Hace años que me di cuenta que tener problemas con la autoridad es muy saludable.
Durante años fui súbdito-tirando-a-empleado antes de decidir que quería estar al otro lado de la mesa: el de los que mandan.
Me llevó su tiempo, tras quemarme las pestañas, respetar las (absurdas y no escritas) normas cultural-corporativas de aquellas organizaciones, sufrir los encabritados ataques de reunionitis de mis jefes fines de semana y fiestas de guardar, supervisores, presidentes, vicepresidentes o VPs, sus VVPs, los VVVPs, y demás estratificaciones del poste del gallinero. Hasta que, al final, lo conseguí.
Tuve entonces cientos de personas que dependían de lo que hacía yo en ese despacho: sí, ciertamente, hicimos cosas maravillosas, francamente interesantes, pioneras incluso - de hecho, yo era, hum, feliz, haciendo lo que hacía. Hasta que empecé a dejar de serlo aquella tarde de invierno.

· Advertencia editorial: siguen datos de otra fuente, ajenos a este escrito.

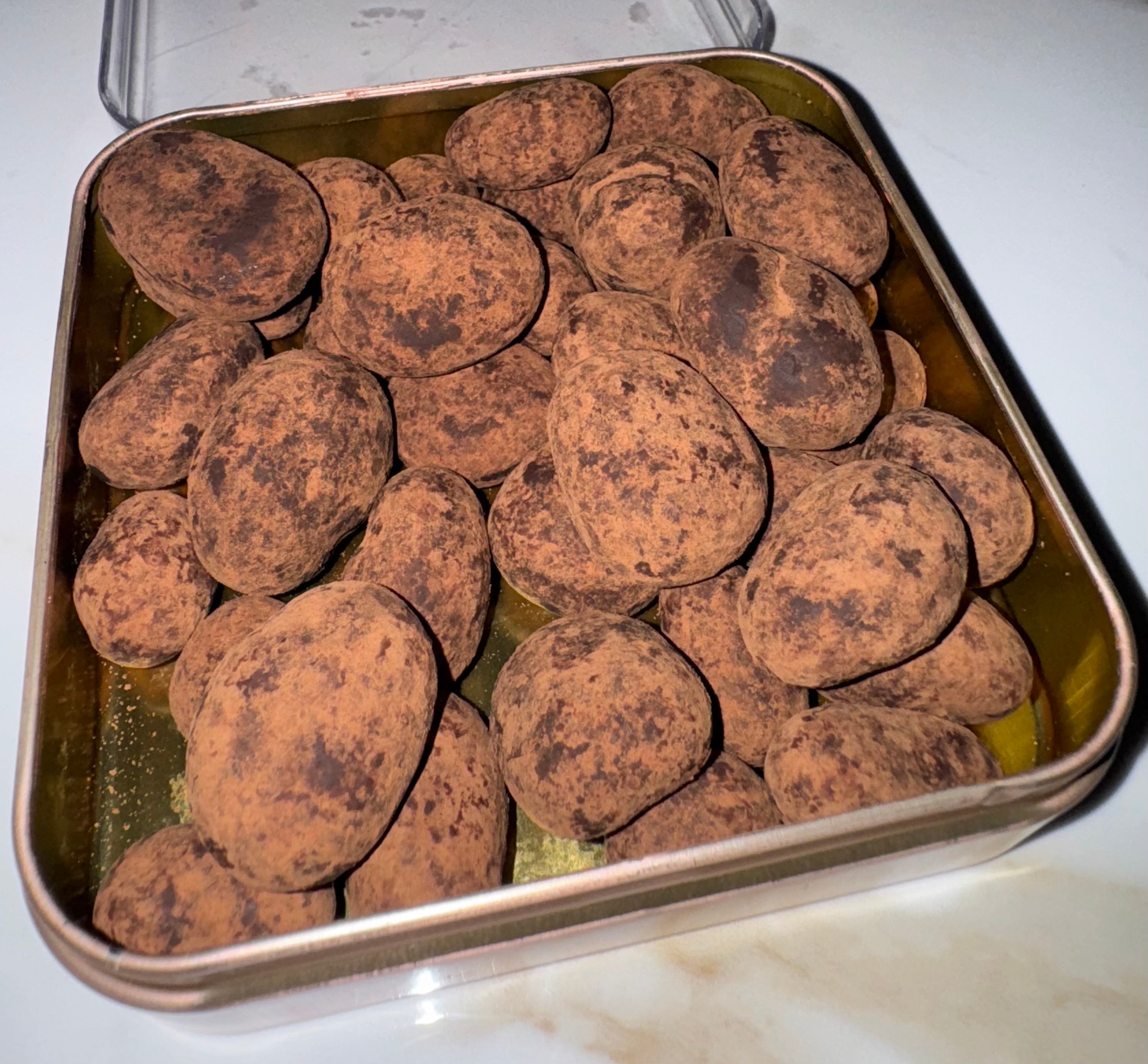 The Cocoa Dusted Collection - Pecans - 250g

Qué tontería, esto de abrir la boca uno cuando no debe: estaba yo en aquella reunión (¿había dicho reunionitis?) con estos los de los galones, mientras debatían si despedir a un tipo. ¿Su crimen?: recibir rentas por el alquiler de su casa, las cuales añadía a su salario mensual (que percibía por un trabajo que tenía cero que ver con el negocio de la empresa), que había gestionado en su tiempo libre. Mis engalonados colegas, creciéndose entre ellos y azuzándose entre sí (mucha testosterona sin liberar, hubiérese dicho): '¡En esta empresa tiene que haber lealtad!', '¿Qué se ha creído este gilipo**as?', coronado con un asombroso (para mí): '¡Y no nos ha informado!'.

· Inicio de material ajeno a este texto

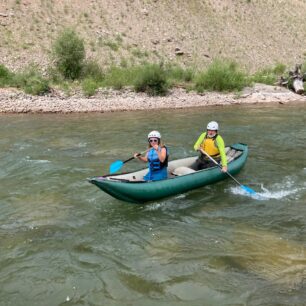 Dojezd na Hoback river.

Y, como decía, cometí la imprudencia de emplear aquello de la libre expresión para cuestionar tanta honor herido por tan poca chicha. Me debió pillar desprevenido (de hecho estaba yo mentalmente calculando el coste/hora de tanto Mando junto desperdiciado en la discusión, haciendo números, calladito -mis galones no tenían tantas estrellitas-), hasta que pregunté que qué había de malo en que un individuo, de manera legal, inteligente, en su tiempo libre y sin violar ningún código interno de concurrencia se ganara unos dineros invirtiendo.
Supongo que hubo un antes y un después, tanto en mi forma de ver el mundo, como en su forma de verme ellos como un peligro desde esa tarde gloriosa: a los que mandan, les suelen ac*jonar aquellos que (parece que) piensan por sí mismos - los cuales, supongo que por alguna inconexa razón, tienen el poder de vaporizar sillones de cuero y mesas de madera noble. (No lo intenten en casa).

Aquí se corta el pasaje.